独身男性のキッチンでの行動パターンを調査するため、スウェーデンの「家庭調査協会」からノルウェーの田舎町に送り込まれたフォルケ(トーマス・ノールストローム)。彼の担当は年老いたイザック(ヨアキム・カルメイヤー)なんですが、見返りに馬を貰えると思って応募したのに、それがスウェーデン特産の木彫りの人形だと知ったイザックはへそを曲げちゃってなかなか調査に協力してくれません。いざフォルケがノートを取り出しメモしようとした途端、パチンと電気を消して出て行っちゃったり、困ってるフォルケを逆に天井に空けた穴から観察してほくそ笑んだりと非常に意地が悪い、この爺さん。しかも調査する側とされる側は一切口をきいてはいけないというルールがあるため、最初の方はほとんどセリフらしいものもなく、イザックとフォルケの静かな攻防が地味に展開されます。しかしこれがシュチュエーション・コントのようでしみじみおかしいのです。

ところがあることをきっかけに、急速に2人は親密になっていきます。そもそも「話したり一緒に食事を摂ったりしてはいけない」というルールの方が不自然なわけで、一度気持ちが通じ合った2人は実に活き活きと楽しそう。楽しさ高じてしまいにはイザックの誕生パーティまでやらかしましたよ。イチゴのデコレーションケーキにおそろしいまでの数のローソクを立て、揃って正装して乾杯♪(2人ともちゃんとスーツを着てかしこまってるのが可愛くてしょうがない)。フォルケがイザックに「おいしい?」なんて聞いたりして、彼らが若くてキレイな男ならとんでもない萌え映画になるところですが、いい加減枯れ切ったおっさん2人なのでそういう心配は(残念ながら)なく、いくつになっても誕生日を祝ってくれる誰かがいるのは幸せなことよのうとほのぼのした気持ちになりました。

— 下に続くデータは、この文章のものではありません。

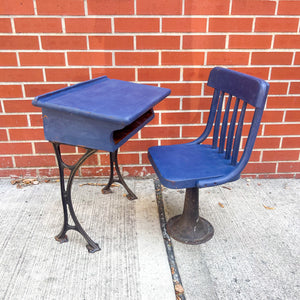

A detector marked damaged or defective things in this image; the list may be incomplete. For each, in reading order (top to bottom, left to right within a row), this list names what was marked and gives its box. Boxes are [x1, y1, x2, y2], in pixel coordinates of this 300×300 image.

rusted metal base [102, 149, 137, 200]
rusted metal base [166, 186, 213, 245]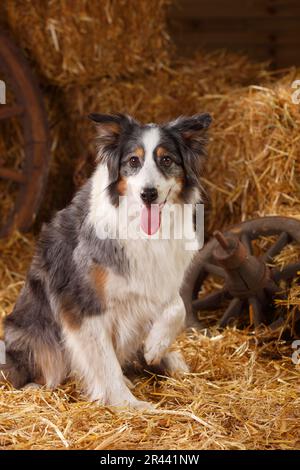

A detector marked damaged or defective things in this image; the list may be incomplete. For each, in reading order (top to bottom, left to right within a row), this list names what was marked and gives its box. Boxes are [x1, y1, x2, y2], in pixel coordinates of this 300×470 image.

rusted iron spoke [0, 104, 23, 120]
rusty metal wheel [0, 32, 49, 237]
rusted iron spoke [0, 167, 25, 184]
rusted iron spoke [262, 232, 290, 264]
rusted iron spoke [205, 262, 226, 278]
rusty metal wheel [180, 218, 300, 330]
rusted iron spoke [274, 262, 300, 280]
rusted iron spoke [192, 290, 227, 312]
rusted iron spoke [219, 298, 245, 326]
rusted iron spoke [248, 298, 264, 326]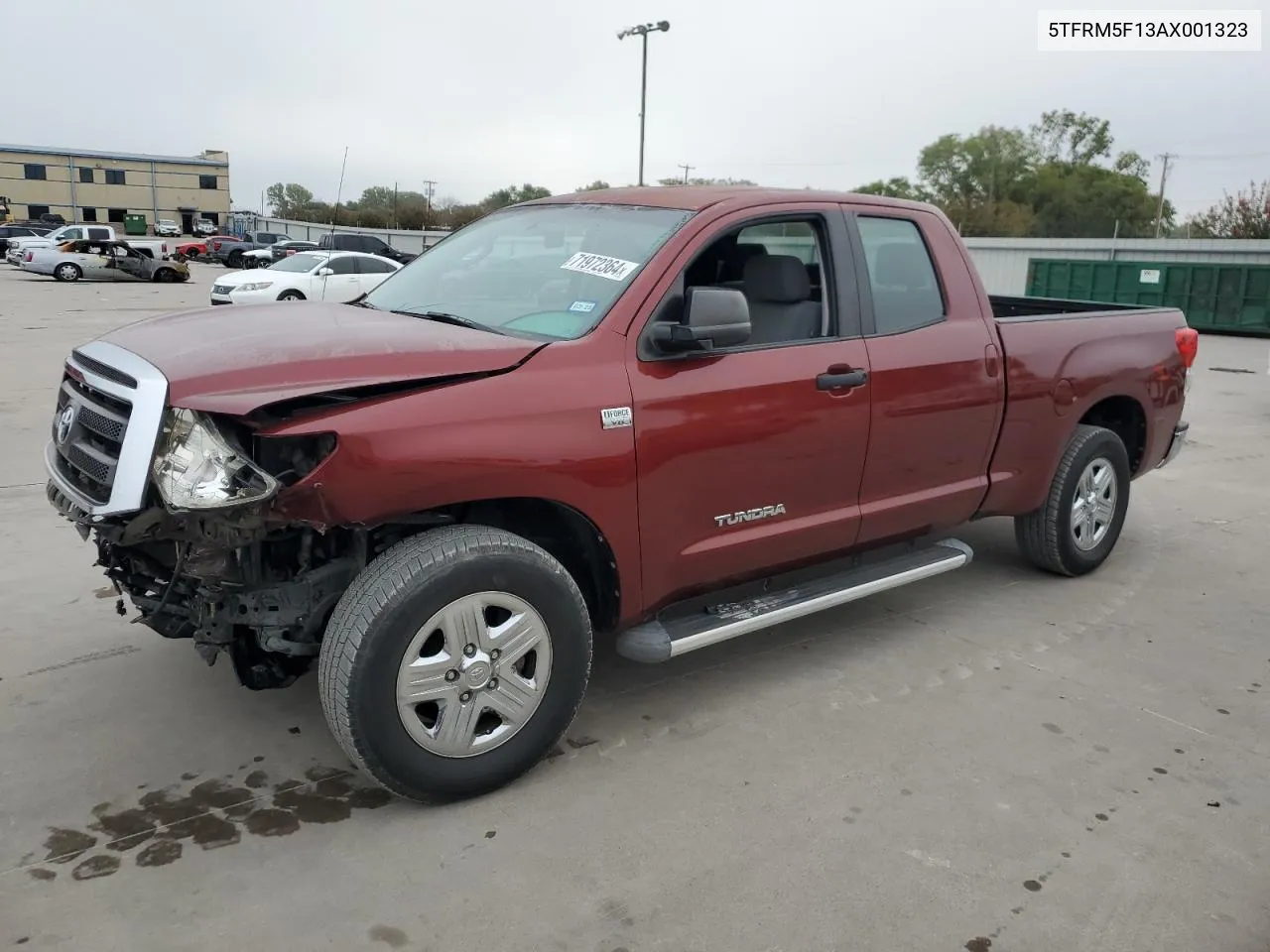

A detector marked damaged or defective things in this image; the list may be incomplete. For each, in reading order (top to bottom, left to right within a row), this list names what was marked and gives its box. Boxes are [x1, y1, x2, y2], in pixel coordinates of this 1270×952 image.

broken headlight [151, 409, 278, 512]
damaged toyota tundra [37, 184, 1191, 797]
crumpled front bumper [1159, 422, 1183, 470]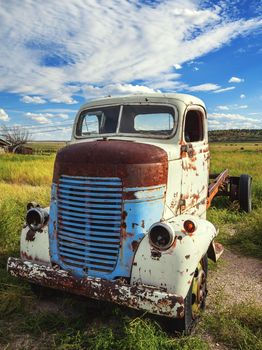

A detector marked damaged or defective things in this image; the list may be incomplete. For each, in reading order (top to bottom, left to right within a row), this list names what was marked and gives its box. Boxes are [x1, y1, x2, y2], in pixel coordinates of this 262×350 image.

rusty hood [52, 140, 168, 187]
rusted metal surface [53, 140, 168, 189]
rusted metal surface [207, 169, 229, 208]
broken headlight rim [25, 206, 49, 231]
old rusty truck [6, 93, 252, 334]
broken headlight rim [148, 223, 175, 250]
rusted metal surface [7, 256, 184, 318]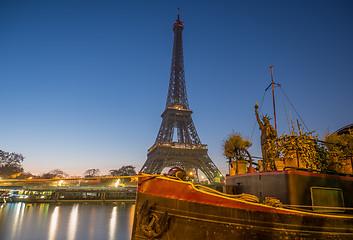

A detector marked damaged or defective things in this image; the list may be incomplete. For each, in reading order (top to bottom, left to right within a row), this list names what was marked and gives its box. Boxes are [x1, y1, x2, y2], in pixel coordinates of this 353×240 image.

rusty red hull [131, 174, 352, 240]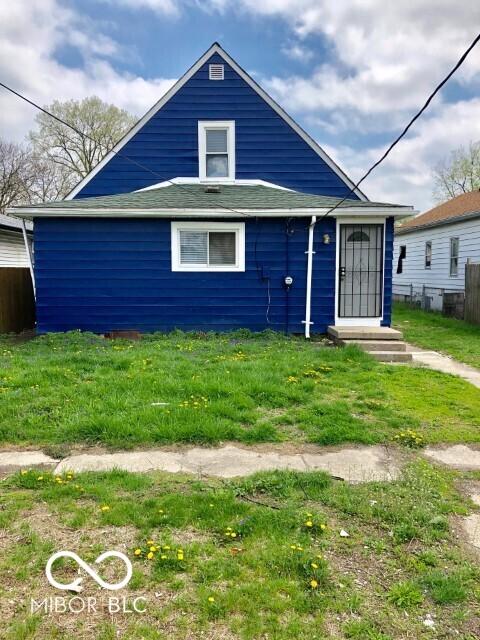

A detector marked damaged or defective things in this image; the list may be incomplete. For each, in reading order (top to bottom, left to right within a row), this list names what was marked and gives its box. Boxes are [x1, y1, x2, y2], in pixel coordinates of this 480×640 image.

cracked concrete path [406, 344, 480, 390]
cracked concrete path [0, 442, 402, 482]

が、楽しそうな2人を横目にイザックの友人のグラント(ビョルン・フロベリー)は浮かない顔。実は彼もイザックのお誕生日を祝おうと思ってたのに、フォルケに先を越されてしまったわけです。とぼとぼとケーキが入ってると思しき箱を手に夜道を帰るグラントの後ろ姿の切ないこと!!ここで「なんだよー!かぶっちゃったじゃんか!」と明るく乱入できるような人ならよかったんだけど、グラントは(多分イザックとフォルケも)そういうタイプじゃないんだなぁ。で、思い余ってとんでもない行動に出てしまうんですが、そうせずにはいられなかったグラントの気持ちと、見つめるイザックの胸中を思うとふたりの不器用さに泣けてきます。イザックはグラントのことをないがしろにしてるつもりはないんだけど、グラントにはそれがわからんのだなぁ。いい年こいて何を拗ねてるんだか。ええやん、3人で仲良くすれば!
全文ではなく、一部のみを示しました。